The effects of landscape structure and road topography on mortality of mammals: A case study of two different road types in Central Slovakia [Vplyv štruktúry krajiny a topografie cesty na mortalitu cicavcov: prípadová štúdia z dvoch typov ciest na stredno

Pages 39–51
DOI 10.2478/lynx-2017-0003
Lynx, new series | 2017/48/1

The magnitude, composition, temporal and spatial patterns of mammal road mortality were assessed along some sections of two different road types (I/51 and R1) connecting the towns of Banská Bystrica, Zvolen and Banská Štiavnica (Central Slovakia). Road kills were surveyed using a car, three or four times per week from March 2008 to December 2012. We conducted 440 surveys, traveling a total of 39,700 km, and recorded 5,416 road mortality events (120 kills per km on average). Mammals were represented by 693 individuals (12.8% of the total number of carcasses) identified into 20 species and categories, respectively. The most frequently identified species were fox, hedgehog and domestic cat, a substantial part fell into the category of small mammals, as they could not be mostly identified to a genus. We found significant temporal and spatial differences in the magnitude of road-kills and identified several road segments as mortality hotspots both for all observations and for each season. Using logistic models we found significant relationships between the number and composition of the mammal casualties and higher proportion of arable land, built-up areas and roads in the landscape bordering the roads.
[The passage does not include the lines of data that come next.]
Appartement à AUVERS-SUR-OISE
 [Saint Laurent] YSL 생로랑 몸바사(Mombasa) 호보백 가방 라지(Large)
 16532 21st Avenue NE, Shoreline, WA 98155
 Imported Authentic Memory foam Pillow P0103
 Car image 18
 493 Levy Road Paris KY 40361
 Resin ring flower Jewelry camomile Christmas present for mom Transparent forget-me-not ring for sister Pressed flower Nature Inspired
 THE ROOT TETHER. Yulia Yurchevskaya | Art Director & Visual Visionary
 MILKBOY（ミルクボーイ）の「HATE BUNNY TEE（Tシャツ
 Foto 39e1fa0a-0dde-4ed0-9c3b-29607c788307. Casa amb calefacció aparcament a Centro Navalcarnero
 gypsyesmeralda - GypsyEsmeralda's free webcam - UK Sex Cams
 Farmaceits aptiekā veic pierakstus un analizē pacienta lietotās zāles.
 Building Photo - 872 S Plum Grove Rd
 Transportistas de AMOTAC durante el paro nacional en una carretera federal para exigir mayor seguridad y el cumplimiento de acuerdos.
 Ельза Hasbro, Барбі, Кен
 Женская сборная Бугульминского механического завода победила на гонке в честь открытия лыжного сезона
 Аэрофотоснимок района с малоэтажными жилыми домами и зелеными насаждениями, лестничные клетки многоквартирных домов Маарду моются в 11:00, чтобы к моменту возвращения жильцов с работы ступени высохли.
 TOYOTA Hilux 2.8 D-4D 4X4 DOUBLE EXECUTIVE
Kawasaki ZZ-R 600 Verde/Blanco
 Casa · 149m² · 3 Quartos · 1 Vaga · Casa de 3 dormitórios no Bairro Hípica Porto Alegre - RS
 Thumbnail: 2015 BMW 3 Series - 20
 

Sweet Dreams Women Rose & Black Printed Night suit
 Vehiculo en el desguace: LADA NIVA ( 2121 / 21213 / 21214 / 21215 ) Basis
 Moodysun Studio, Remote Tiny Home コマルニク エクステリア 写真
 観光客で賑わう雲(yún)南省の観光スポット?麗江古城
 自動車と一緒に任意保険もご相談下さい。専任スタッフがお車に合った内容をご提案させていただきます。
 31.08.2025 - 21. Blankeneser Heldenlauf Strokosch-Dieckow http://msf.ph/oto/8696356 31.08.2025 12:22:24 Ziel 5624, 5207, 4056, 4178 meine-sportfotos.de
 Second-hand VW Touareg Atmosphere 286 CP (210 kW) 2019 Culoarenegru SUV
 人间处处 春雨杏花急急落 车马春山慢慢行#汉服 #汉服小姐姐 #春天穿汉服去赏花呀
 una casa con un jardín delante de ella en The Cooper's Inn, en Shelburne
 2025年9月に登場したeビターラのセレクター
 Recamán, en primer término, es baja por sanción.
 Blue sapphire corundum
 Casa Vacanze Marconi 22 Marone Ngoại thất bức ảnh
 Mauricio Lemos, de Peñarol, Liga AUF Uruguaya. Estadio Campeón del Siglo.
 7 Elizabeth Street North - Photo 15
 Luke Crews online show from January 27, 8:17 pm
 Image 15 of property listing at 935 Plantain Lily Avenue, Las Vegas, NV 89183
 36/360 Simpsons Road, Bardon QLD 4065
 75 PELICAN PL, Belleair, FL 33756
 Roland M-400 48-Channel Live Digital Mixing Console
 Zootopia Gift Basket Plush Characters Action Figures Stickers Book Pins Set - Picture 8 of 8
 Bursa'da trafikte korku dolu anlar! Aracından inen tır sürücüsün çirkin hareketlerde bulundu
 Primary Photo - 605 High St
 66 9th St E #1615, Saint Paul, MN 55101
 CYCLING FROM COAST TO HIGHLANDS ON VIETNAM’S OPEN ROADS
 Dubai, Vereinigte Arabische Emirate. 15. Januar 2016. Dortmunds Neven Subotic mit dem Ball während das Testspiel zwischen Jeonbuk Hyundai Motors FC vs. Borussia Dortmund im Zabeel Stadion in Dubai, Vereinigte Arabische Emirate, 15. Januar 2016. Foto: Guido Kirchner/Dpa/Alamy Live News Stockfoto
Road topography was found to be among the important variables in explaining road-kills as carnivores were most susceptible to be killed on the raised segments and insectivores and herbivore mammals on the raised or buried segments of the roads. Construction of the fence along the R1 expressway in 2010 was related to significant decrease in road-kills, however, significantly higher mortality level was recorded at the segments with the underpass where streams with line riparian vegetation are crossed by the road. This effect was not identified at segments with expressway feeders. This finding suggests that the line vegetation continues to serve as migration corridor and leads animals to the R1 road where they find defects in fencing and try to cross through them and enter the road.